*EXERCISE GOAL*
Skip the pictures. Output only the lines below starting at the line with "2286 - Two pieces" and ending at the line with "Rear view of", both ends included, exactly as they are.

::: LISTED RECORDS :::

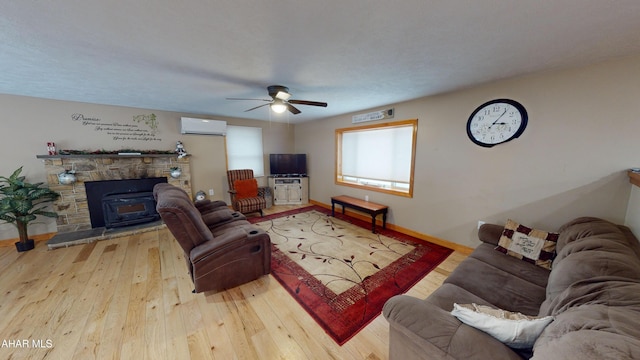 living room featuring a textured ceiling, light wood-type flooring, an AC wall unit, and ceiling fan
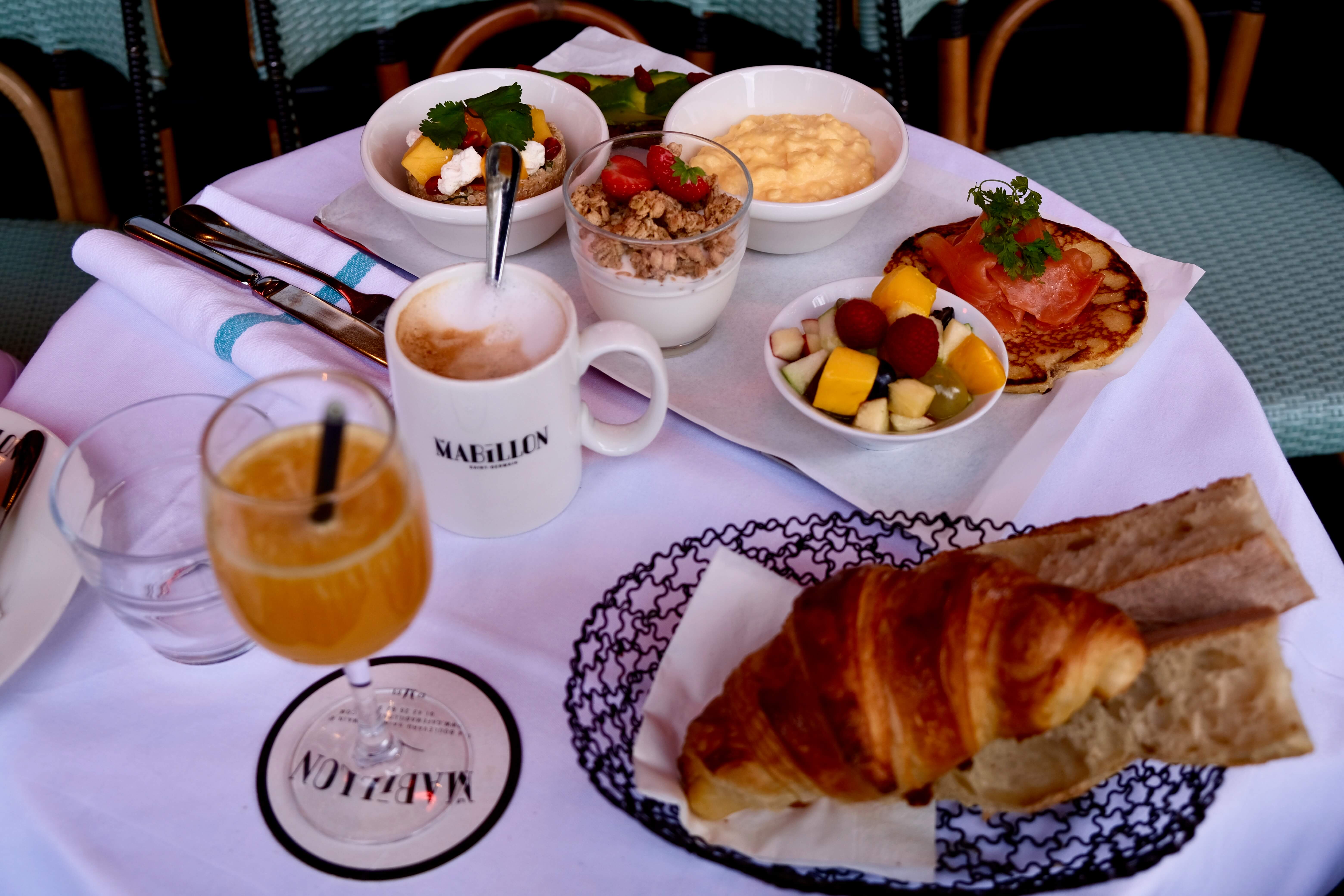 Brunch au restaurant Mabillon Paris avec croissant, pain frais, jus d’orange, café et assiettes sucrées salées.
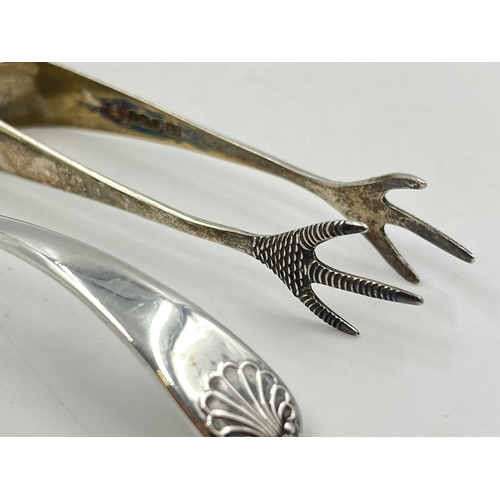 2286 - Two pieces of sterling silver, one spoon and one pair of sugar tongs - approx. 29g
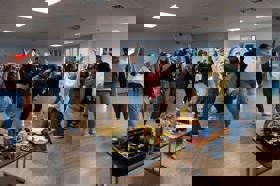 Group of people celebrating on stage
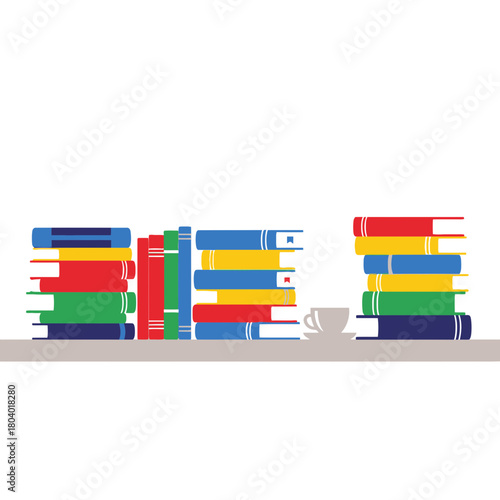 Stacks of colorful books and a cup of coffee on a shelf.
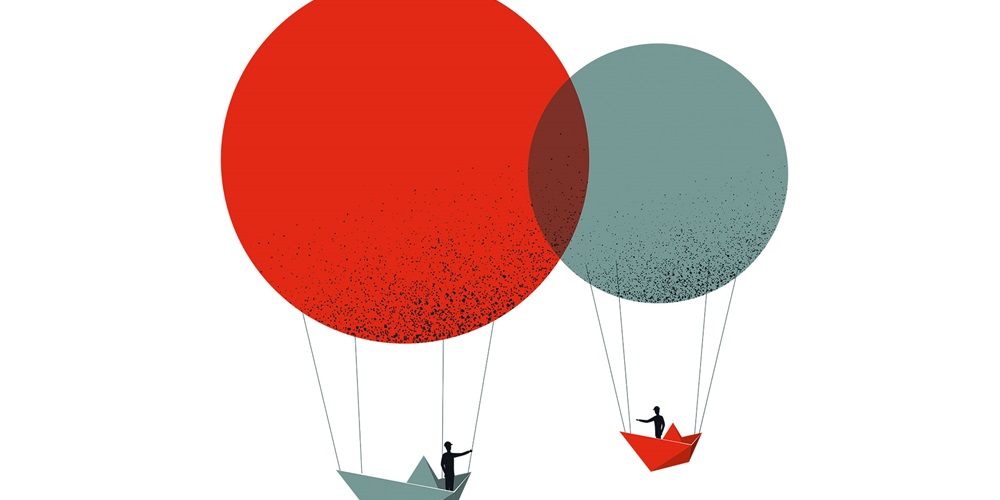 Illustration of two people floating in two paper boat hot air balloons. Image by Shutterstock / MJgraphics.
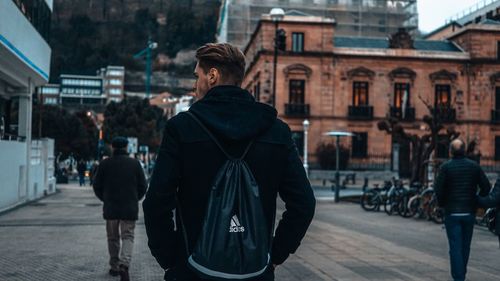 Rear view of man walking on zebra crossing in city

:::
::: LISTED RECORDS :::

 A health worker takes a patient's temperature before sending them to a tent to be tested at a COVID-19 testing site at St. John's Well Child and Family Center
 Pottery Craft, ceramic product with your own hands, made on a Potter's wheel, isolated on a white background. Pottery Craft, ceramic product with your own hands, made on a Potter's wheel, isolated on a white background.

:::

*ANSWER SECTION*
 2286 - Two pieces of sterling silver, one spoon and one pair of sugar tongs - approx. 29g
 Group of people celebrating on stage
 Stacks of colorful books and a cup of coffee on a shelf.
 Illustration of two people floating in two paper boat hot air balloons. Image by Shutterstock / MJgraphics.
 Rear view of man walking on zebra crossing in city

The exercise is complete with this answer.